Creamy Roasted Red Pepper Hummus

Looking for a healthier snack option that’s both delicious and satisfying? Try making Creamy Roasted Red Pepper Hummus Delight! This flavorful dip is quick to prepare and packed with nutrients from chickpeas, tahini, and roasted red peppers. Rich in protein, fiber, and heart-healthy fats, it’s perfect as a spread, dip, or even a salad dressing. Explore variations and serving ideas to make it a versatile part of your meal prep. Indulge in this wholesome treat!

Ingredients
  

1 cup canned chickpeas, drained and rinsed

1 large red bell pepper, roasted and peeled (or use jarred roasted red peppers)

3 tablespoons tahini

2 tablespoons olive oil

2 tablespoons fresh lemon juice

1 clove garlic, minced

1/2 teaspoon ground cumin

Salt, to taste

Water, as needed for consistency

Fresh parsley and paprika, for garnish (optional)

Instructions
 

Roast the Red Pepper:

    - Preheat your oven to 450°F (230°C).

      - Place the red bell pepper on a baking sheet and roast for about 20-25 minutes, turning occasionally, until the skin is charred and blistered.

        - Remove the pepper from the oven, place it in a bowl, and cover with plastic wrap for about 10 minutes. This will help loosen the skin. Once cooled, peel the skin off and remove the seeds.

          Blend the Ingredients:

            - In a food processor, add the drained chickpeas, roasted red pepper, tahini, olive oil, lemon juice, minced garlic, and ground cumin.

              - Blend the mixture until smooth.

                Adjust Consistency:

                  - If the hummus is too thick, add water a tablespoon at a time while blending until you reach your desired consistency.

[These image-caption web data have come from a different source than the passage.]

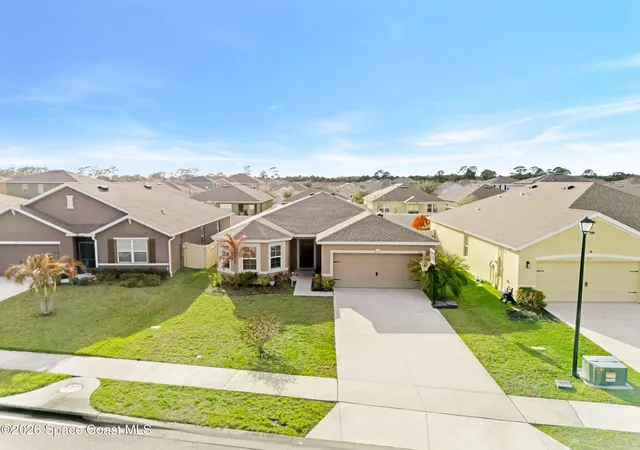 2nd image of 275 Guinevere Dr Sw, Palm Bay, FL 32908 | MLS# 1071067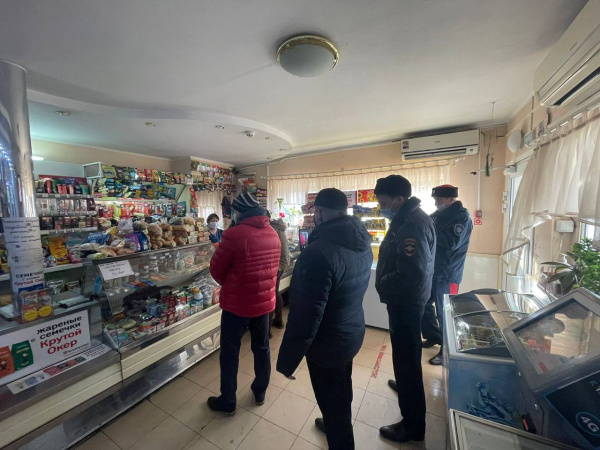 В Батайске продолжаются рейды по соблюдению масочного режима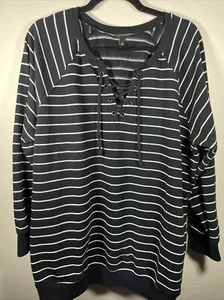 Felpa Torrid Donna 2x Nero Bianco Righe Lacciata Neckline Plus - Foto 1 di 6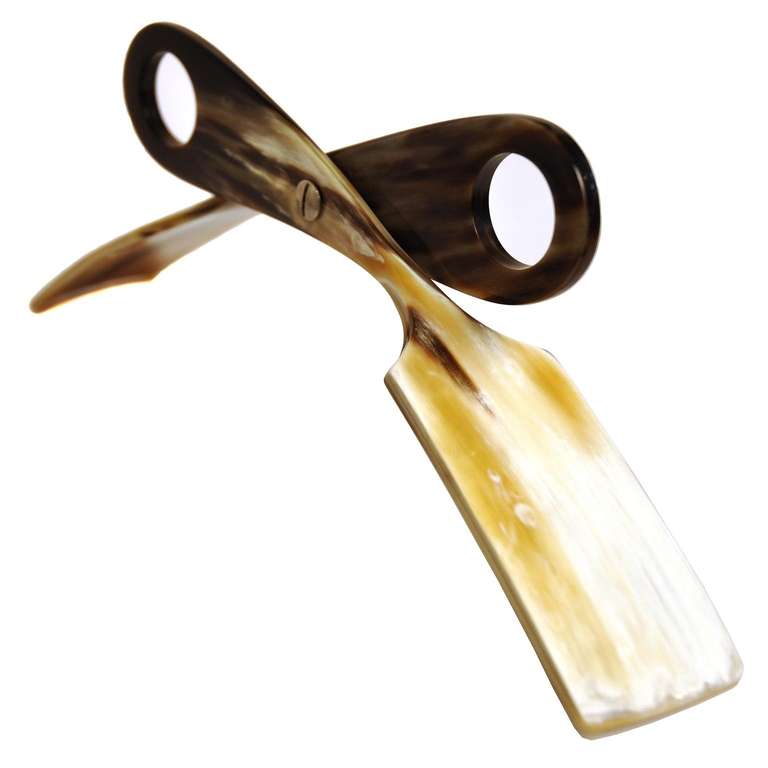 This serving scissors was designed by Carl Aubock and made by Aubock workshops in Austria around 1960. It is made of horn. Very good condition because this piece was never in use.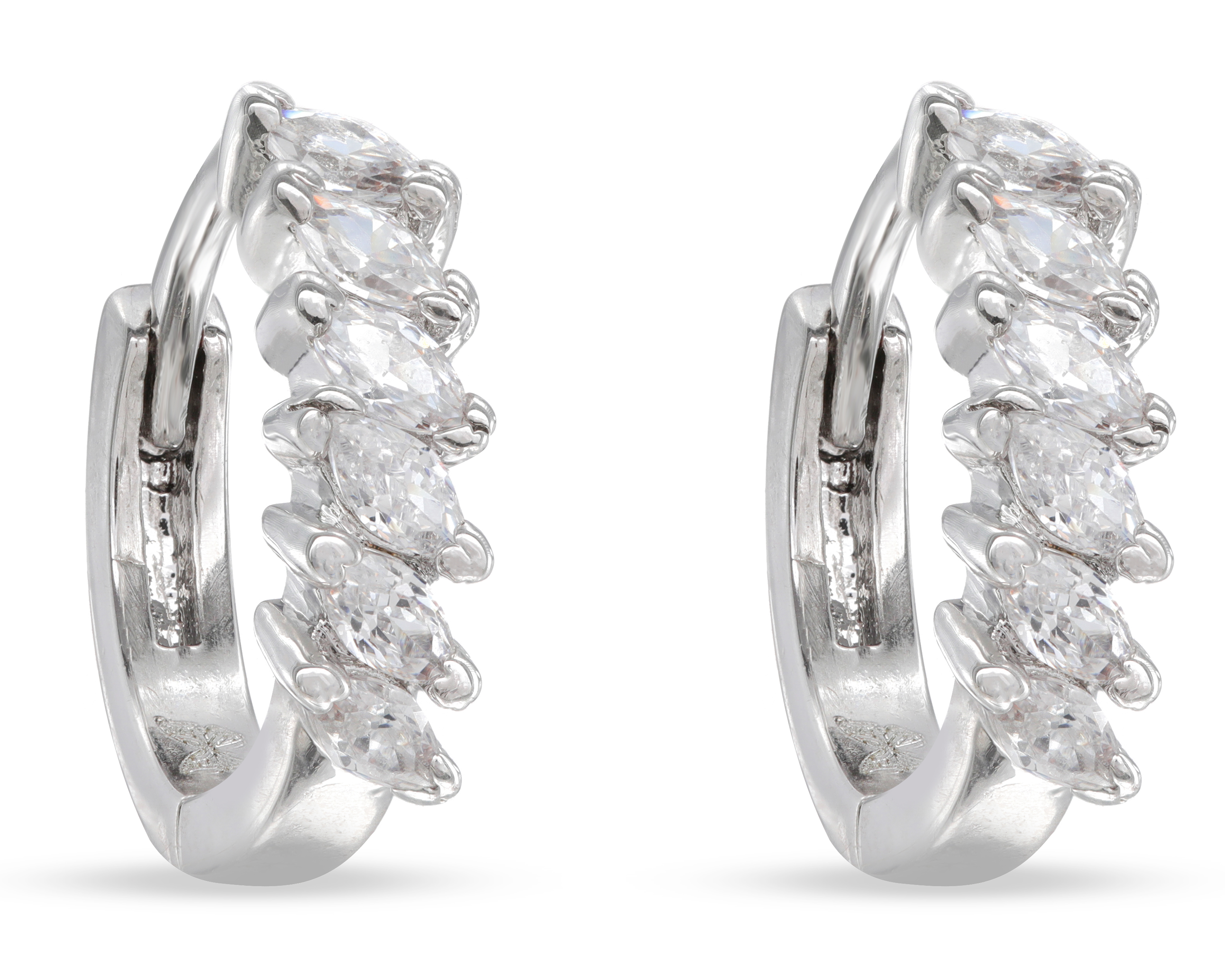 Foto 3 pulgar | Foto 2 | Arracadas de Plata By Adina Eden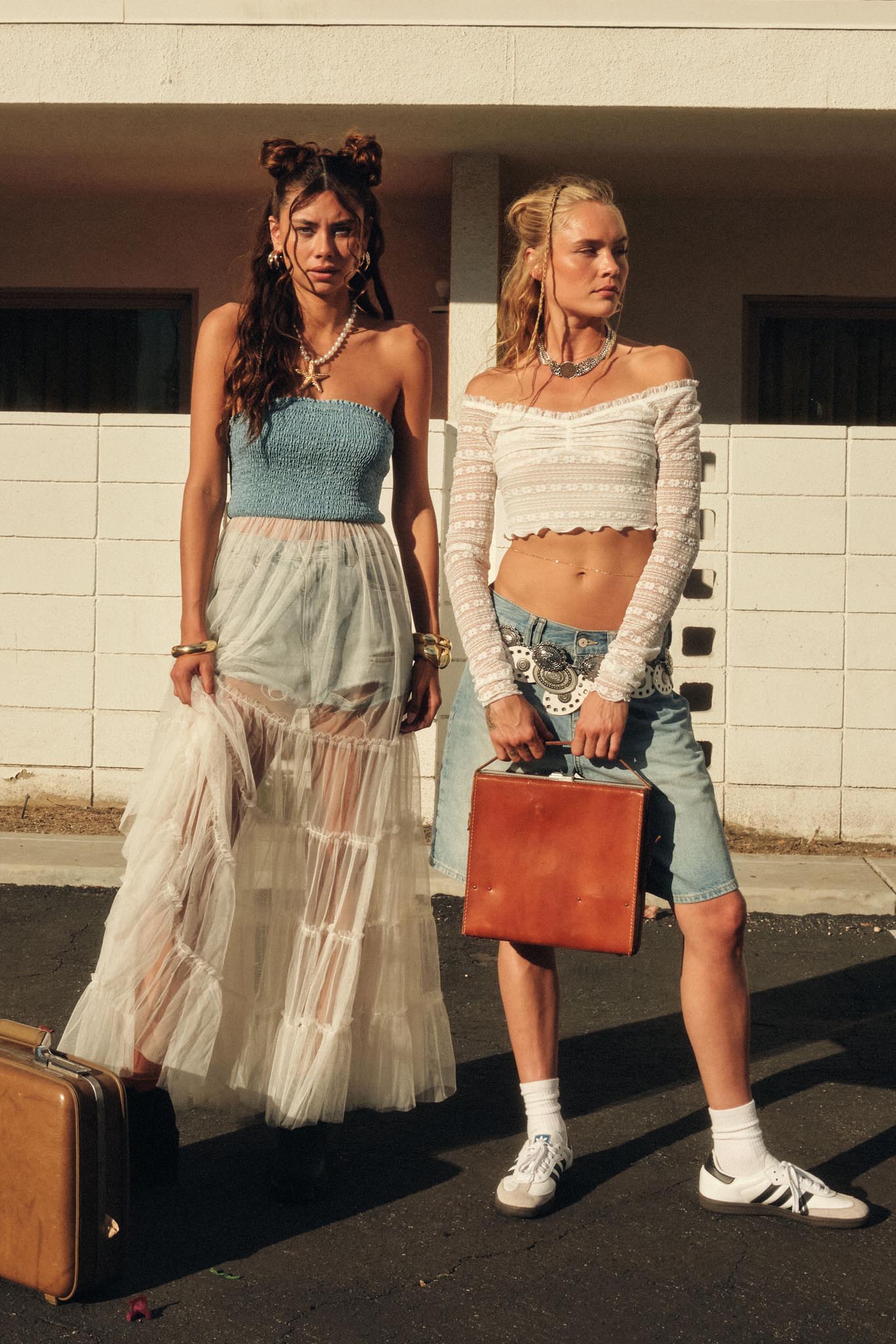 Beautiful Life Floral Lace Long-Sleeve Crop top - ShopPromesa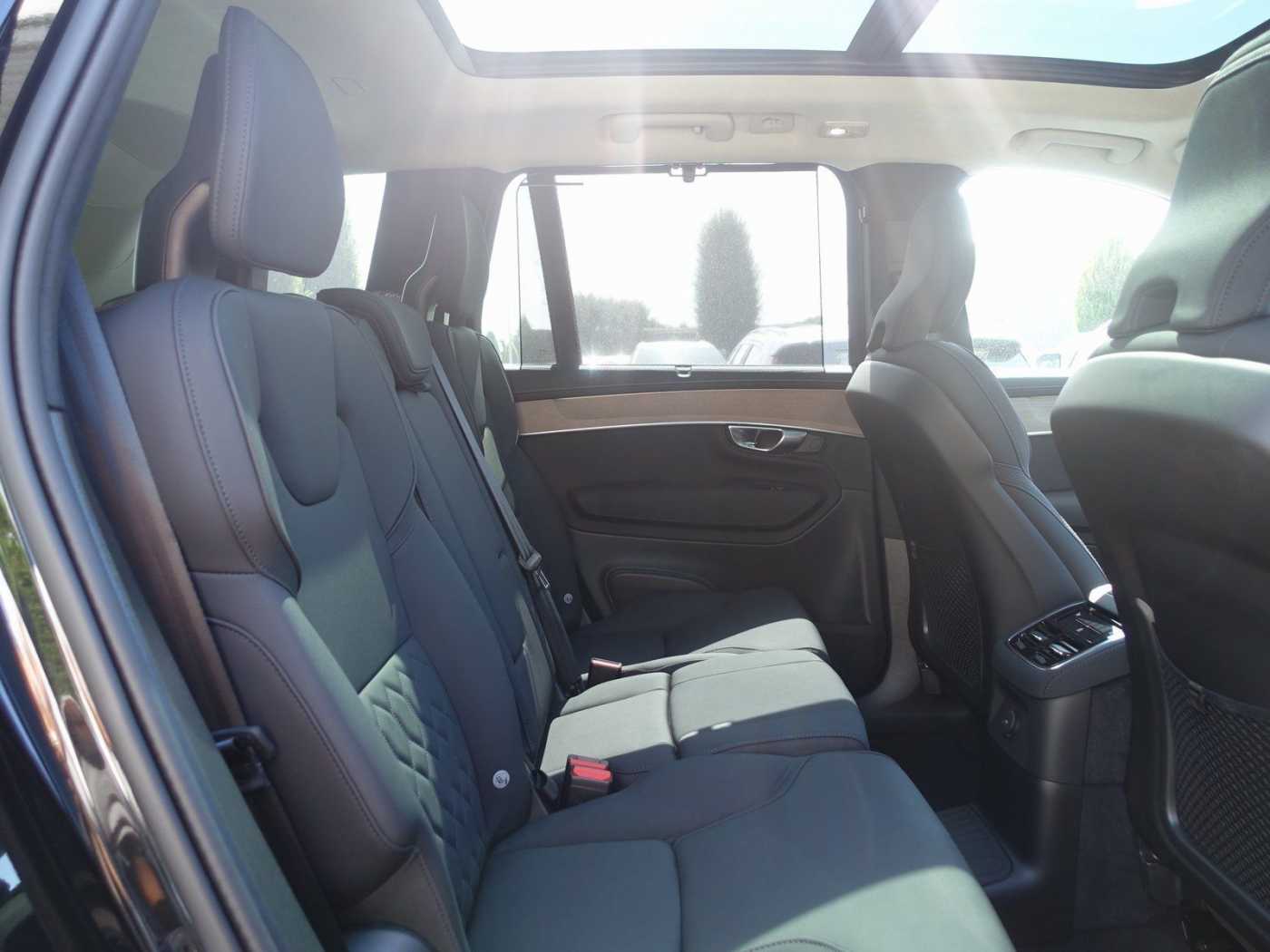 Volvo XC90 – Bild 8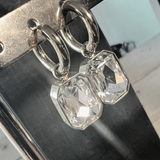 Joy Vandfast Statement Klar CZ Huggie 18K Guldbelagt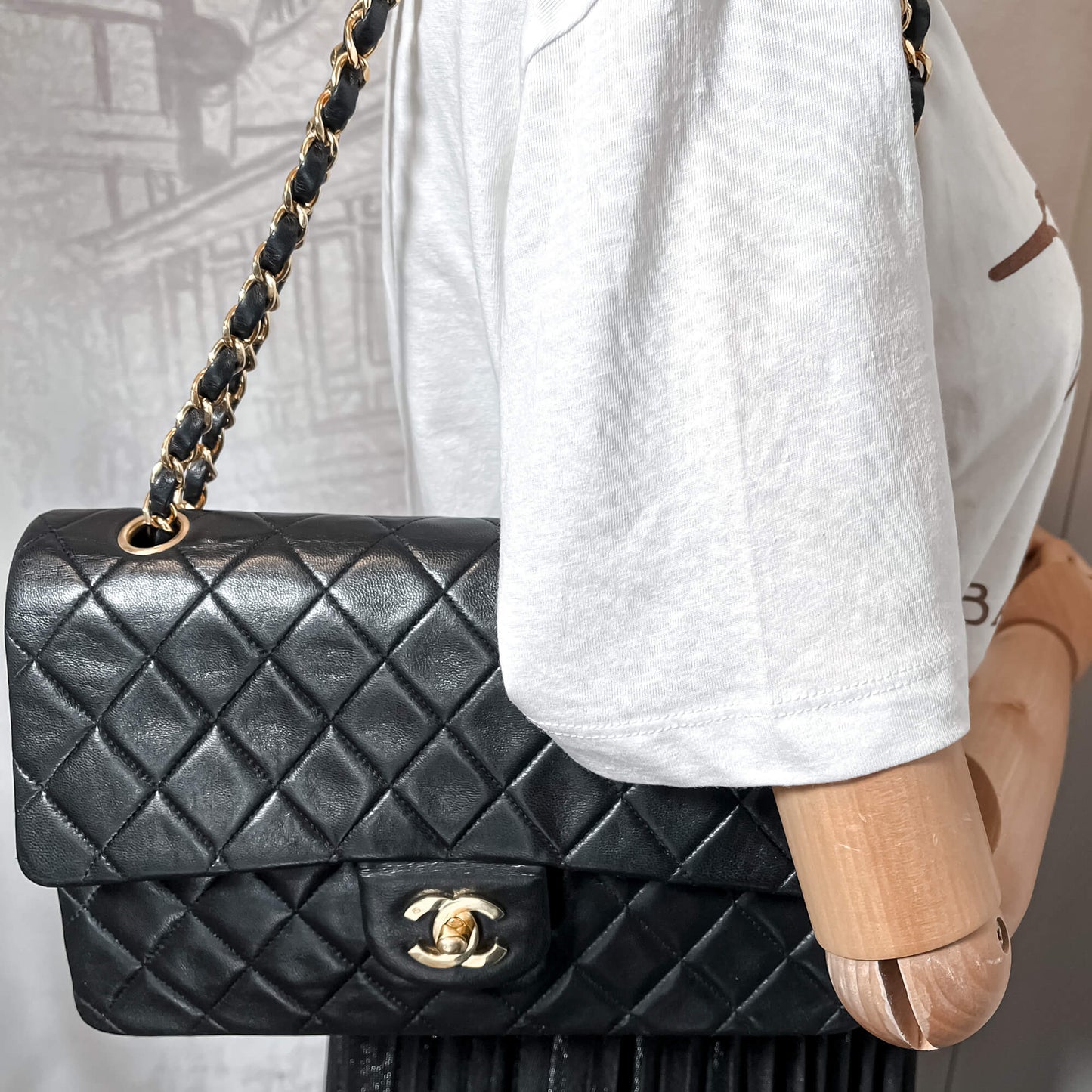 Second hand Chanel Classic Double Flap Chain Bag Black Leather Medium - Tabita Bags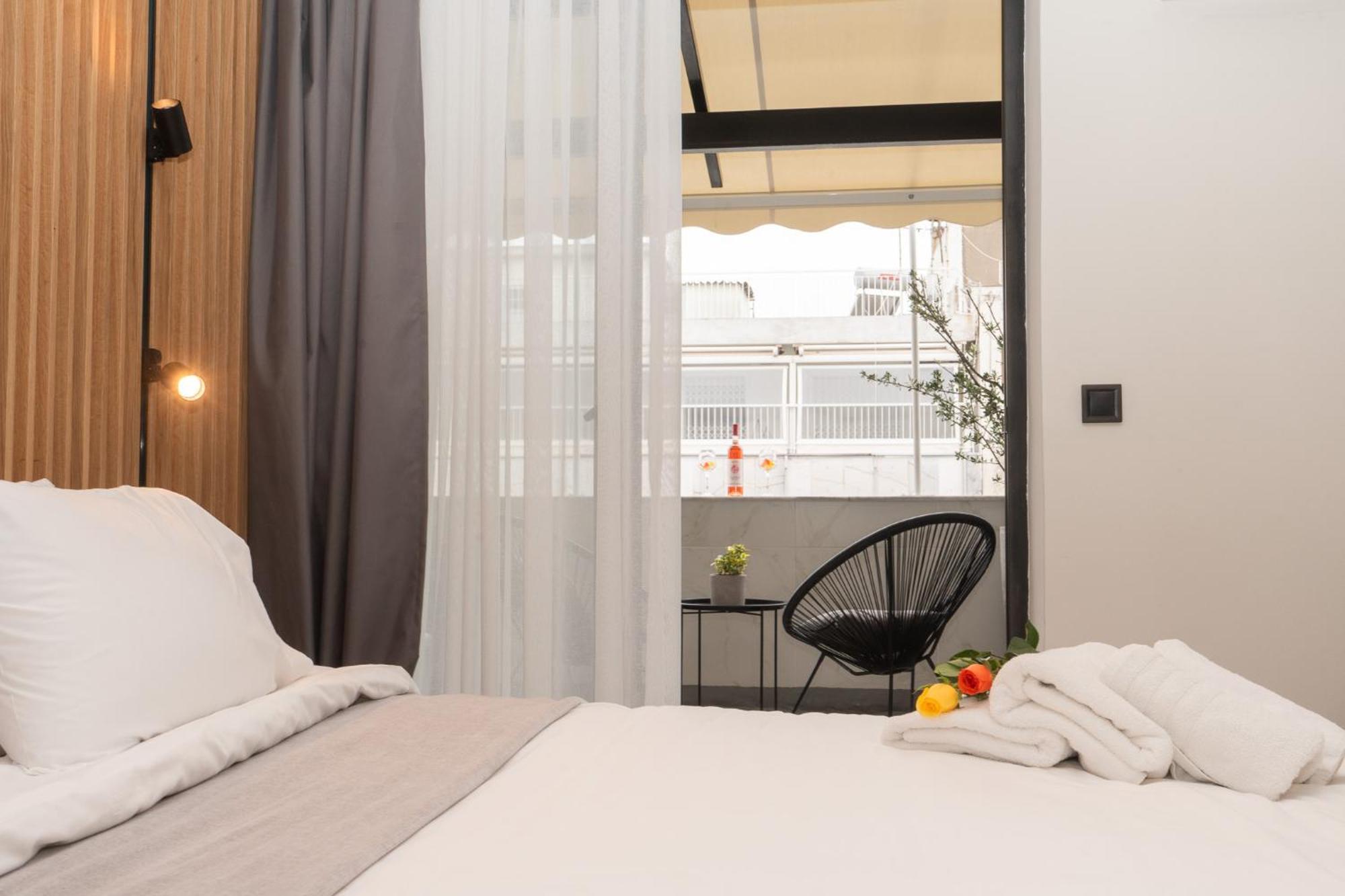 Luxury With Jacuzzi By Sea&thecity Thessaloniki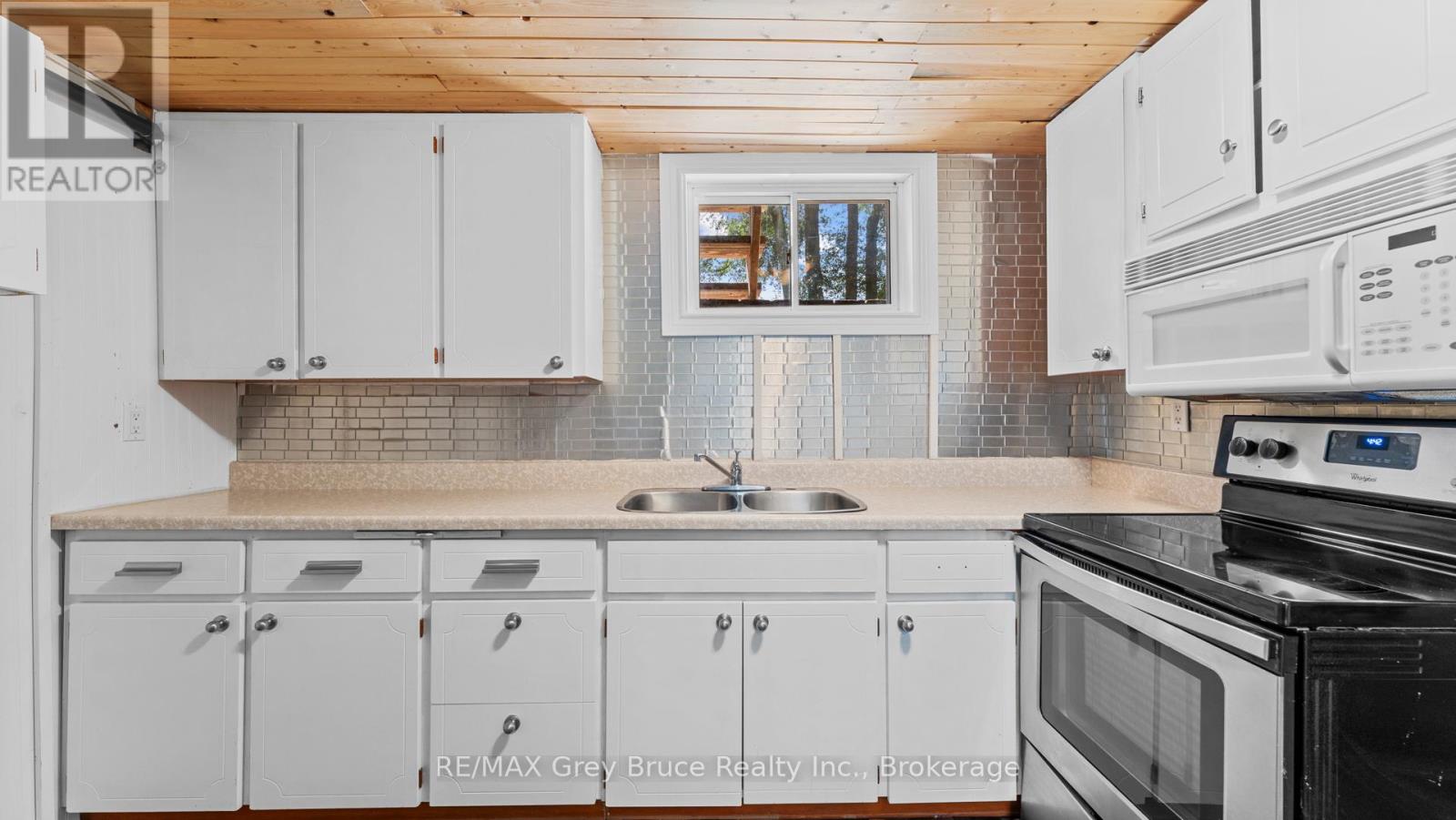 161 1st Avenue N, Arran-Elderslie, Ontario  N0H 2N0 - Photo 34 - X12556142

                    - Season with salt to taste and blend again.

                      Serve:

                        - Transfer the hummus to a serving bowl. Drizzle with a bit of olive oil, and sprinkle with fresh parsley and paprika for garnish if desired.

                          Enjoy:

                            - Serve immediately with pita bread, vegetable sticks, or use as a spread on sandwiches.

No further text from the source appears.